Going also cites Manchester as a place where there is “a good knowledge capital base and a good pool of people”, and Glasgow, where demographics are considered perfect for call centres that need highly skilled workers.

“We put communications firm NCR just outside Glasgow. It wanted to go to where graduates have bilingual skills and to a place that services the euro market. Glasgow proved to be the best location,” says Weedon.

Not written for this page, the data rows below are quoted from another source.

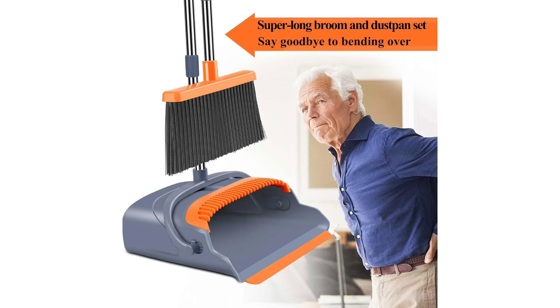Versatility is another highlight. Whether tackling indoor messes or outdoor debris, this set handles it all with ease. From hardwood floors to tiled surfaces, it sweeps cleanly without scratching or leaving behind residue.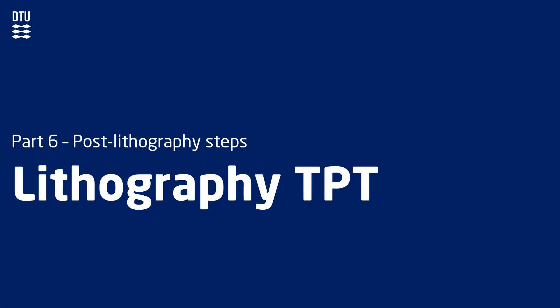Welcome to the 6th video lecture of the lithography tool package training at DTU Nanolab. This lecture is a brief introduction to some of the process steps that often take place after the lithography is finished.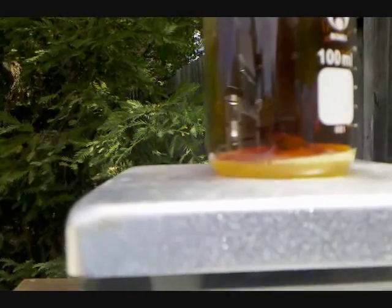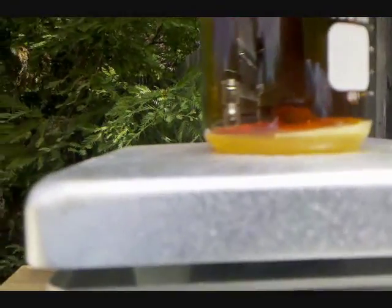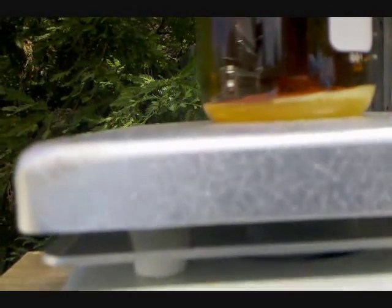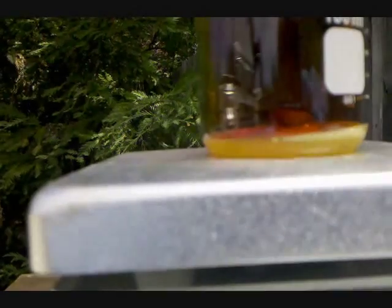So now the reaction looks like it's coming to a stop, with the Bismuth only slightly bubbling. I'll wait for that to finish, and then collect the Bismuth Nitrate.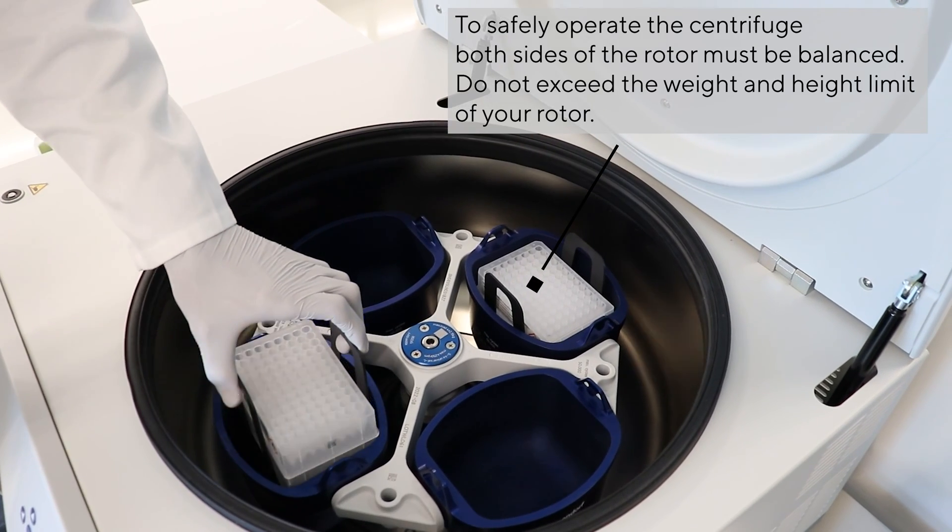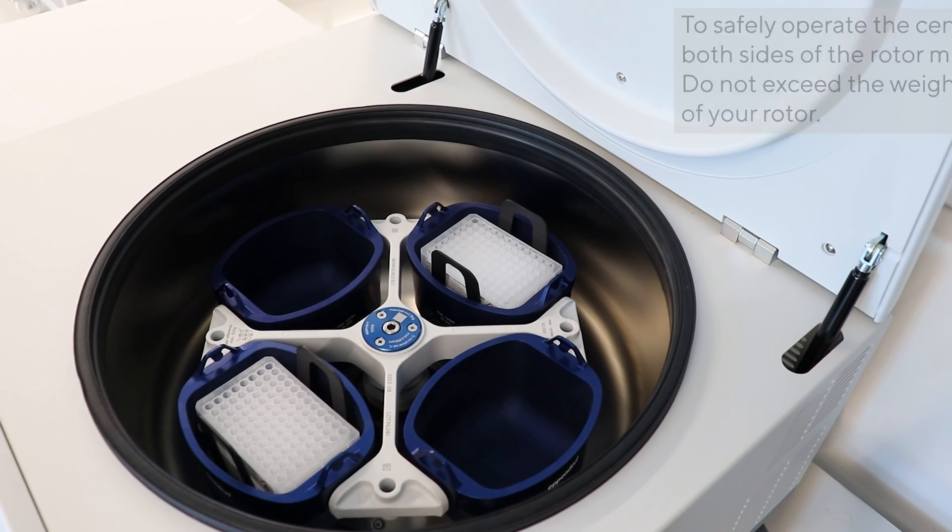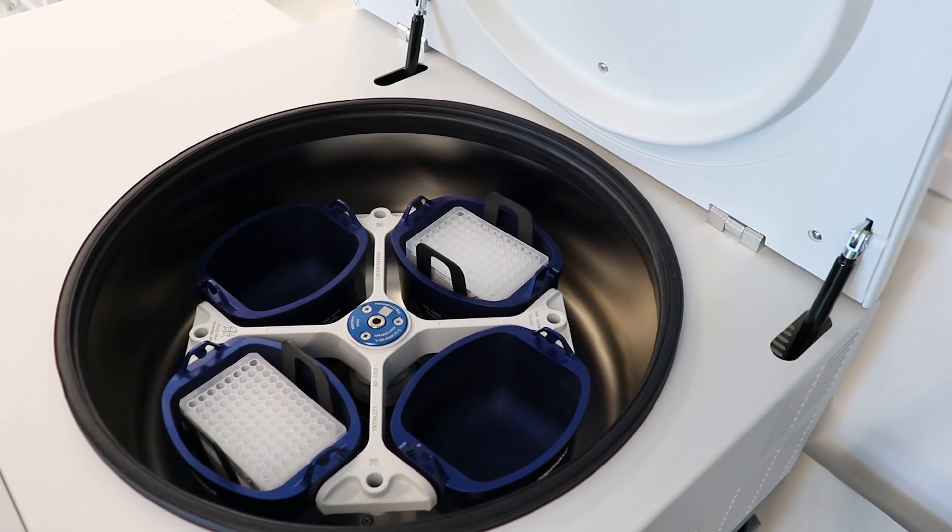Plates can be operated with up to 1000 RCF. At this setting, we need about a minute to empty half a milliliter from the wells.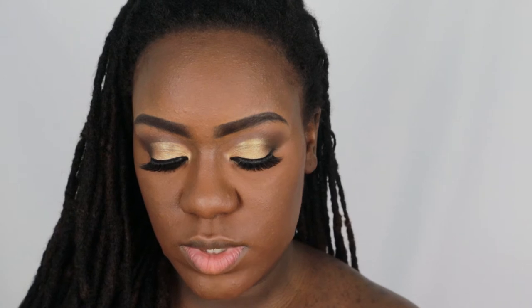I just did my foundation off camera to save us a little bit of time. I'm going to finish up my face — going in with my Benefit bronzer in Toasted to just warm up these cheeks. Then for blush I'm going to go in with my Ben Nye blush in Desert Coral.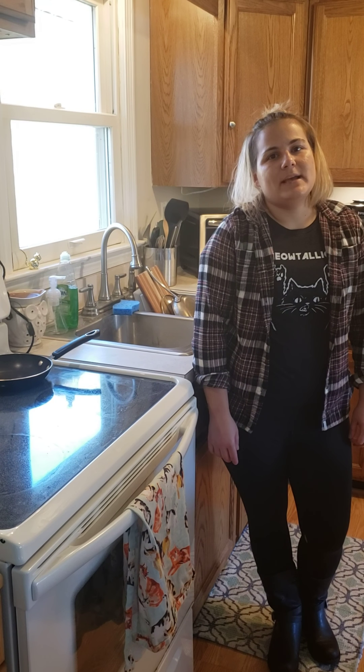Hi everybody, thanks for tuning in to another episode of Life Skills with Lindsay. Today I'm going to demonstrate how to make a grilled cheese sandwich on the stove.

Both O2 and Dell have taken 100,000 sq ft centres in Glasgow, which adds up to the highest level of activity in the sector for several years.

Customer service

Apart from the Dell and O2 deals, Royal Bank of Scotland-owned Direct Line has just taken 80,000 sq ft at 6 Atlantic Quay in Glasgow. “Customer service is at the heart of businesses such as Direct Line so, in terms of customer satisfaction, companies like those have been taking space in Glasgow because language is incredibly important,” says Craig Watson, partner in agency and development at Knight Frank in Glasgow.

Northern Ireland has also become a prime location for call centres. Prime minister Tony Blair last month announced that 600 jobs had been created there by, ironically, Indian IT company HCL.

With the rise in call-centre jobs has come the rise in call-centre standards and requirements. “Call centres are no longer sheds with offices in them,” says Akeler’s Going.

According to Marsden: “High value staff obviously want to work in better surroundings. Seven or eight years ago, call centres were in redundant industrial buildings, and people were hot-desking. Today, companies are using grade A office space because employees demand that they provide the right accommodation.”

Crèches, gyms, attractive architecture and landscaped surroundings have become part and parcel of today’s call centre.

While there is some grade A space being taken up, Jeremy Brooks, head of call centres with GVA Grimley, does not believe huge swaths of office space will be taken up for call centres. He believes instead that there will be more consolidation of companies within the sector, and says: “We have already seen mergers and acquisitions in the insurance sector, and this means that they will also be consolidating their call centres.”